[WHAT THE EXERCISE ASKS] Reproduce exactly the lines from the one containing "Photo 6 from" through the last line of the records below, both included, and nothing else.

======== INPUT DATA ========

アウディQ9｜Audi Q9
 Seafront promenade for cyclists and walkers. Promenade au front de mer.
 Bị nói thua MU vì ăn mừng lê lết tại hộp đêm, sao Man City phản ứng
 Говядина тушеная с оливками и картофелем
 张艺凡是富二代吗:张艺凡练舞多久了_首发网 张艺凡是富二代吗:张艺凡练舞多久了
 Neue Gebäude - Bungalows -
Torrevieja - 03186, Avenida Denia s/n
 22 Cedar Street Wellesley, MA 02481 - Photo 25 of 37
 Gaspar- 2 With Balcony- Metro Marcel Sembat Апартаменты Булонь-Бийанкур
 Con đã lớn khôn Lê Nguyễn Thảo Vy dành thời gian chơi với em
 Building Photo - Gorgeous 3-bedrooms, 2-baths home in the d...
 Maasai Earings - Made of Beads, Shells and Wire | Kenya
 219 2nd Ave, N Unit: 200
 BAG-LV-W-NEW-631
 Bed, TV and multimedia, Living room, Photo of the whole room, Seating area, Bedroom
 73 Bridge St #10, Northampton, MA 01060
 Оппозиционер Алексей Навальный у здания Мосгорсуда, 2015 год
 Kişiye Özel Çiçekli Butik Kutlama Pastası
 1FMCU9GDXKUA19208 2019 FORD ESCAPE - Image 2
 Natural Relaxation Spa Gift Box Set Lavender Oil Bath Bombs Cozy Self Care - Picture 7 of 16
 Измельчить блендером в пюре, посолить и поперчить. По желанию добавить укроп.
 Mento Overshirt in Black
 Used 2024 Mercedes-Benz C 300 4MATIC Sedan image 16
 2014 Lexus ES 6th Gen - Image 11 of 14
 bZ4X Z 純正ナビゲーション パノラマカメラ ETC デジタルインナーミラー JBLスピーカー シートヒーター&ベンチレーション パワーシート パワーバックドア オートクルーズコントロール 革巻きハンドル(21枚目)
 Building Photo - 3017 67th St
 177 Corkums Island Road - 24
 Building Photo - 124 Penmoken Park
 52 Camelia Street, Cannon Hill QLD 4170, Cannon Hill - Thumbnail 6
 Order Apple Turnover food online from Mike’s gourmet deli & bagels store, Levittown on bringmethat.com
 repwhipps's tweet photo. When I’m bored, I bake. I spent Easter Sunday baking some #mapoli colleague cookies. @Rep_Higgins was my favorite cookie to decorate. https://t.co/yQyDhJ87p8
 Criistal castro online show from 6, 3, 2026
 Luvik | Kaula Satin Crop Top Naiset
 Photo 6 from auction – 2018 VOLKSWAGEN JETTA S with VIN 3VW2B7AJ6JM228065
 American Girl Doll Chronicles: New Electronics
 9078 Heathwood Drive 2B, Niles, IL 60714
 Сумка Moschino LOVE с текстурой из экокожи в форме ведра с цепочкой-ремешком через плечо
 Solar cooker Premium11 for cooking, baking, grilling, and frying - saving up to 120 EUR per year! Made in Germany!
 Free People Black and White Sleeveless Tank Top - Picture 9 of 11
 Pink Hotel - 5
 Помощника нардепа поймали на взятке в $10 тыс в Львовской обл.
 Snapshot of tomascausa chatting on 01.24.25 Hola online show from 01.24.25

========

[WRITTEN SOLUTION]
 Photo 6 from auction – 2018 VOLKSWAGEN JETTA S with VIN 3VW2B7AJ6JM228065
 American Girl Doll Chronicles: New Electronics
 9078 Heathwood Drive 2B, Niles, IL 60714
 Сумка Moschino LOVE с текстурой из экокожи в форме ведра с цепочкой-ремешком через плечо
 Solar cooker Premium11 for cooking, baking, grilling, and frying - saving up to 120 EUR per year! Made in Germany!
 Free People Black and White Sleeveless Tank Top - Picture 9 of 11
 Pink Hotel - 5
 Помощника нардепа поймали на взятке в $10 тыс в Львовской обл.
 Snapshot of tomascausa chatting on 01.24.25 Hola online show from 01.24.25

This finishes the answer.